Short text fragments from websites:

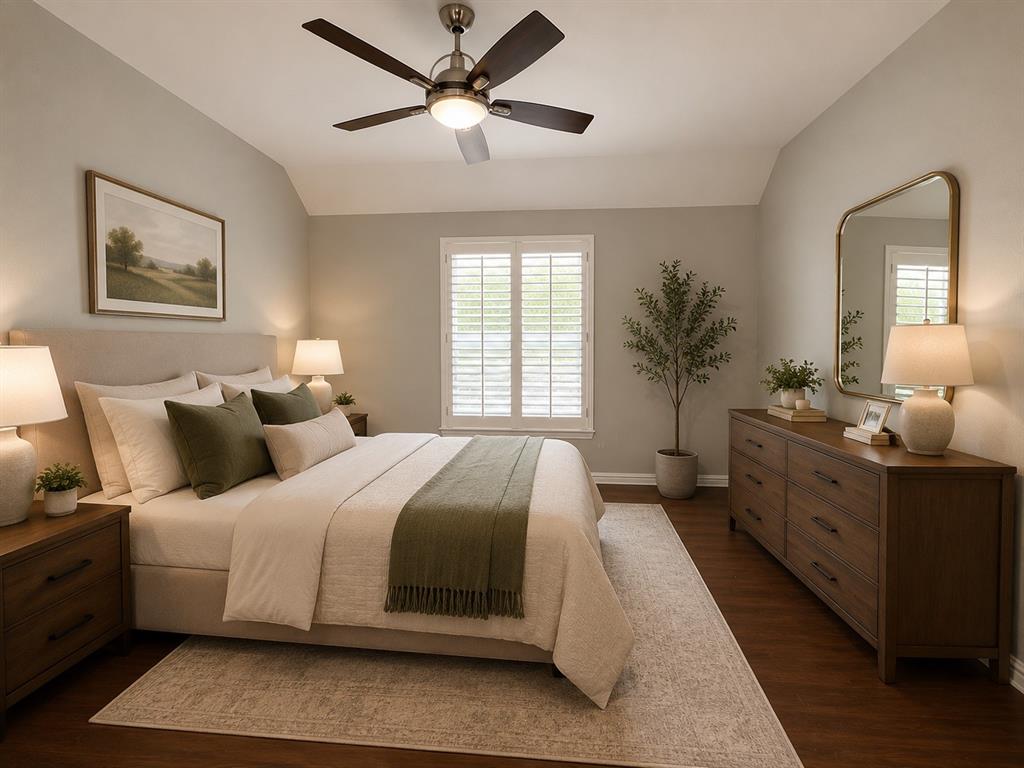 Vaulted ceiling room featuring warm wood-finish flooring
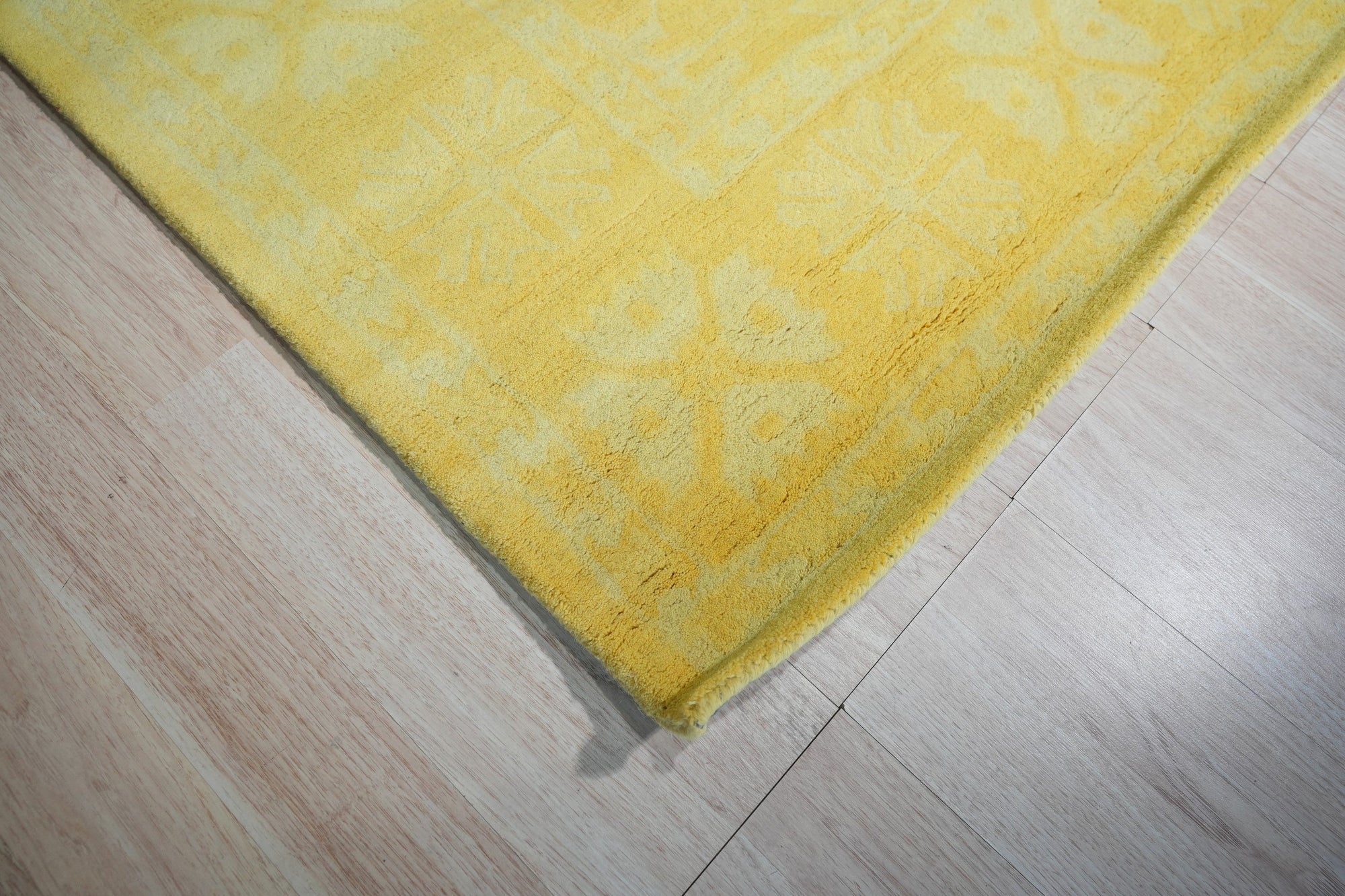 Comfortable Oriental Yellow Hand Tufted Wool Rug, a vibrant yellow wool rug with an intricate oriental design, displayed in a bright, airy living room setting.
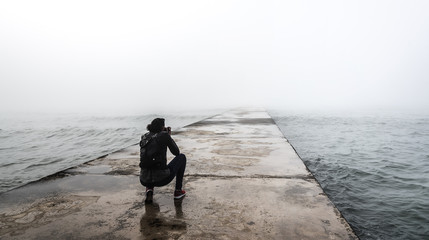 Photographer on a misty pier.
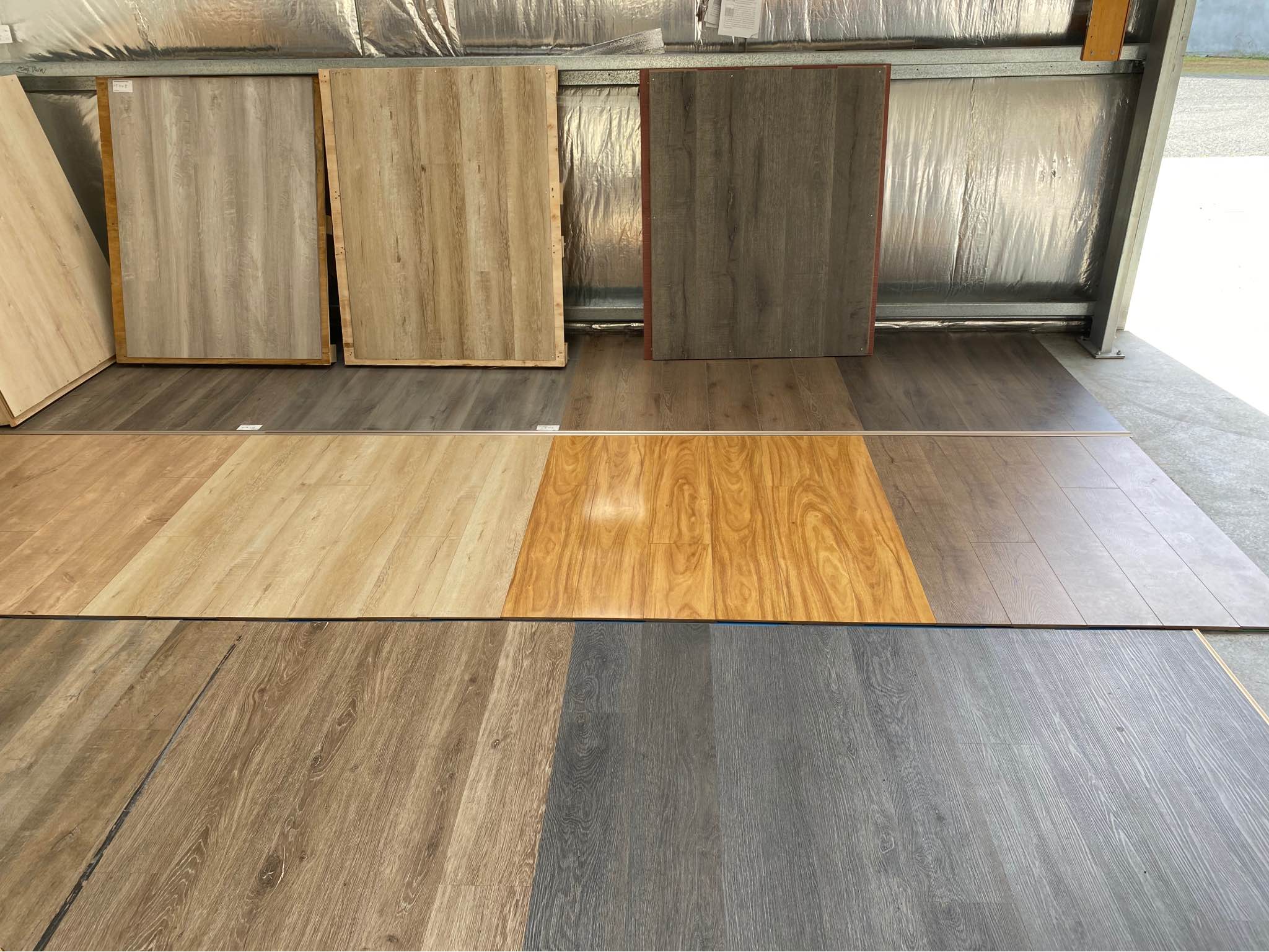 Paul Chen Facebook ad: 12mm laminate flooring, 4+1mm waterproof vinyl plank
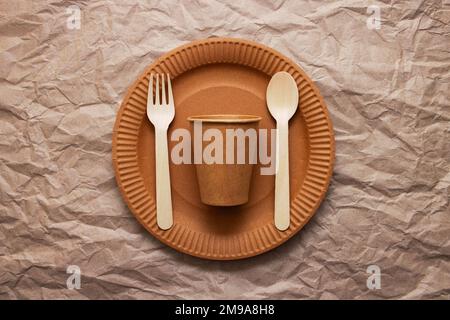 Wooden fork, spoon on cardboard plate on crumpled paper background Stock Photo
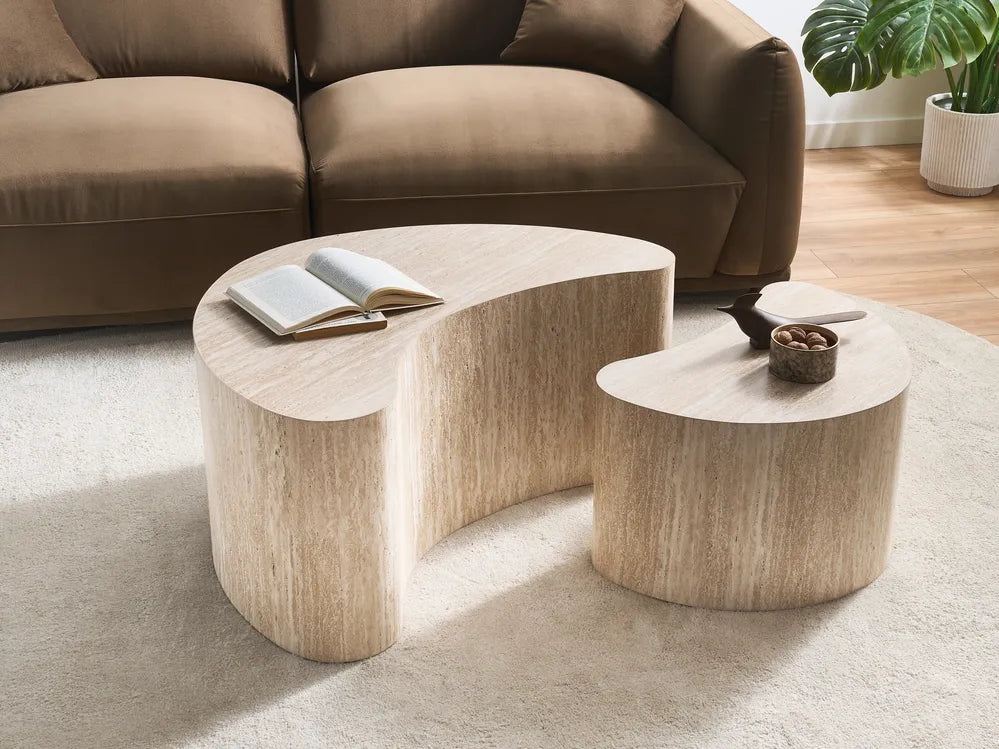 A modern curved wooden coffee table with a matching smaller side table in a living room setting, positioned in front of a brown sofa on a light beige rug.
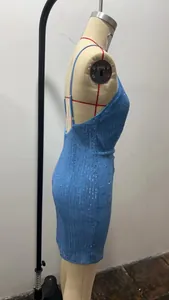 Side view of a sexy blue sequined bodycon mini dress with thin straps on a mannequin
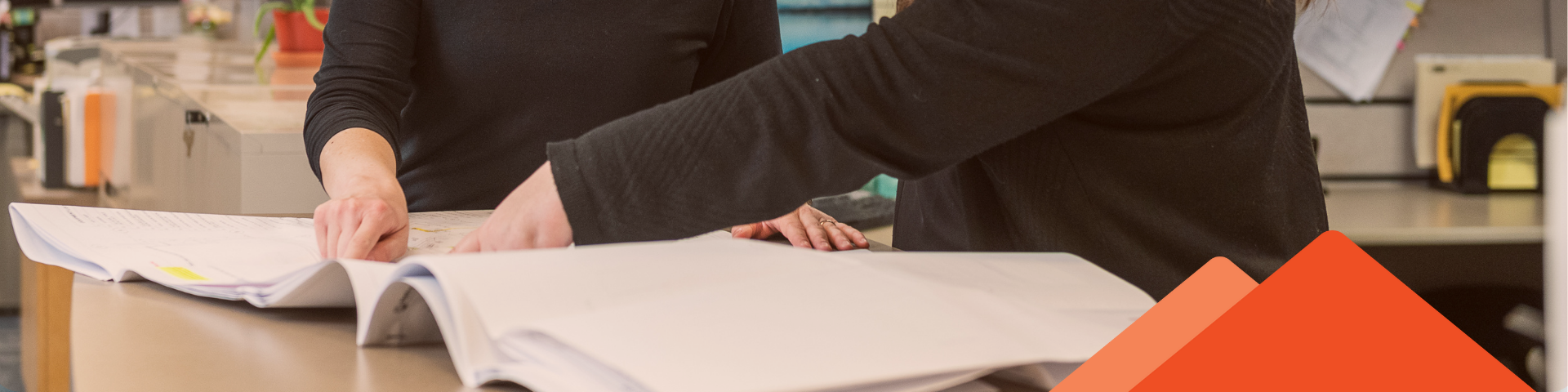 Two woman point to a single spot on a set of building plans.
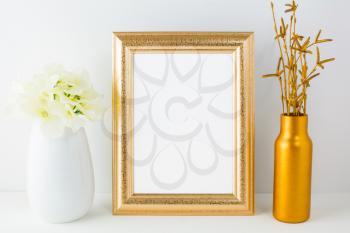 Frame mockup with golden vase and ivory hydrangea. Empty white frame mockup for design presentation. Portrait or poster  frame mockup.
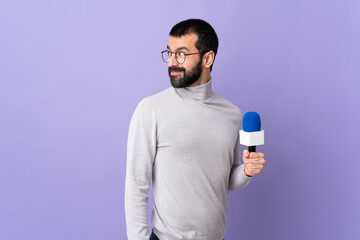 Adult reporter man with beard holding a microphone over isolated purple background . Portrait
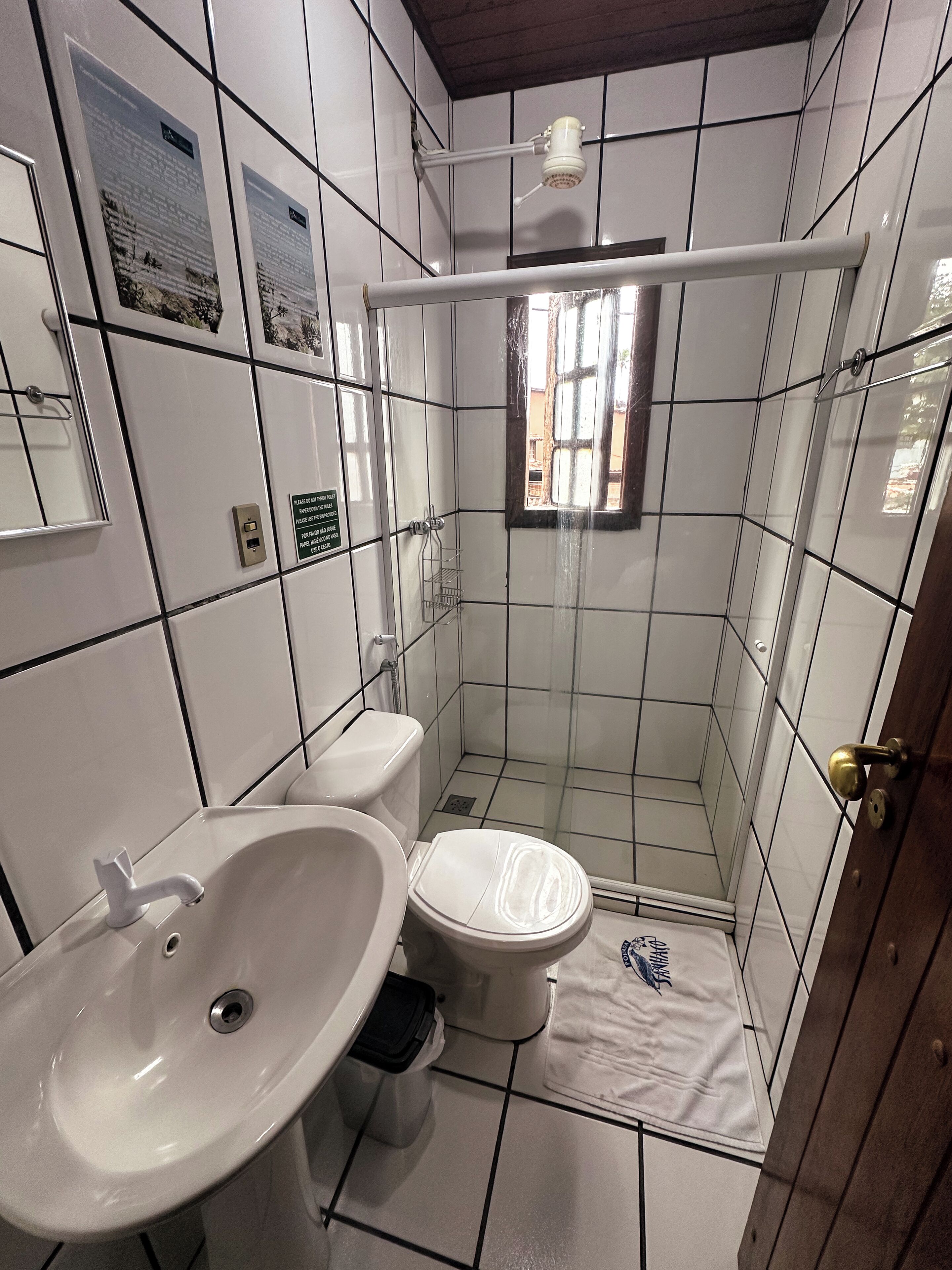 A bathroom with a toilet, sink, and shower. There are tiled walls and a window.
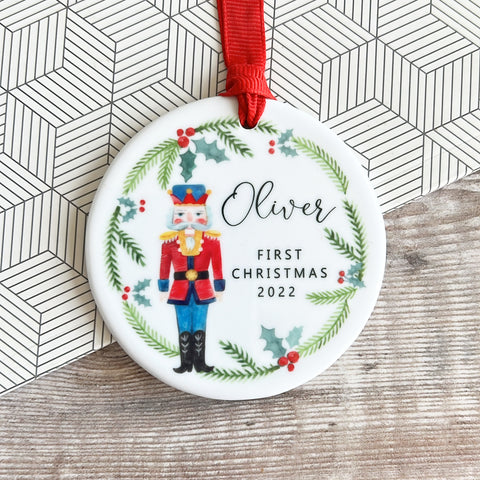 Personalised Baby’s First Christmas New Baby Boy Girl Newborn Nutcracker theme Holly Wreath Greenery Ceramic Round Decoration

# YOUR TASK:
Every entry must be retyped exactly, with the pictures removed.

# ANSWER TO THIS EXERCISE:
 Vaulted ceiling room featuring warm wood-finish flooring
 Comfortable Oriental Yellow Hand Tufted Wool Rug, a vibrant yellow wool rug with an intricate oriental design, displayed in a bright, airy living room setting.
 Photographer on a misty pier.
 Paul Chen Facebook ad: 12mm laminate flooring, 4+1mm waterproof vinyl plank
 Wooden fork, spoon on cardboard plate on crumpled paper background Stock Photo
 A modern curved wooden coffee table with a matching smaller side table in a living room setting, positioned in front of a brown sofa on a light beige rug.
 Side view of a sexy blue sequined bodycon mini dress with thin straps on a mannequin
 Two woman point to a single spot on a set of building plans.
 Frame mockup with golden vase and ivory hydrangea. Empty white frame mockup for design presentation. Portrait or poster  frame mockup.
 Adult reporter man with beard holding a microphone over isolated purple background . Portrait
 A bathroom with a toilet, sink, and shower. There are tiled walls and a window.
 Personalised Baby’s First Christmas New Baby Boy Girl Newborn Nutcracker theme Holly Wreath Greenery Ceramic Round Decoration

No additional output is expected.